#### DATA PROVIDED
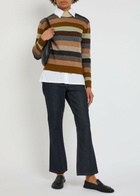 Tory Burch Cropped Flared-leg Jeans Denim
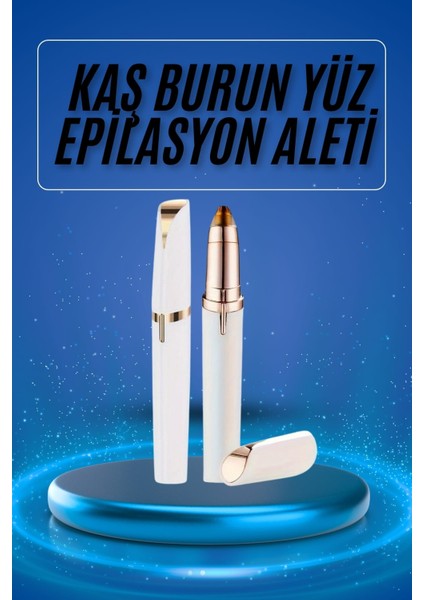 Epilasyon Aleti Şarjlı Tüy Kıl Alma Kaş Bıyık Unisex Yüz Bakım Tıraş Aleti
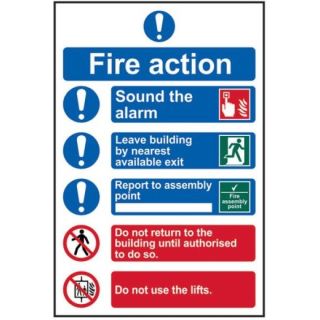 Scan Fire Action Procedure     Sign PVC 200x300mm     SCA0178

#### EXERCISE INSTRUCTIONS
Without changing a word, restate the listing above; the pictures stay out.

#### YOUR SOLUTION
 Tory Burch Cropped Flared-leg Jeans Denim
 Epilasyon Aleti Şarjlı Tüy Kıl Alma Kaş Bıyık Unisex Yüz Bakım Tıraş Aleti
 Scan Fire Action Procedure     Sign PVC 200x300mm     SCA0178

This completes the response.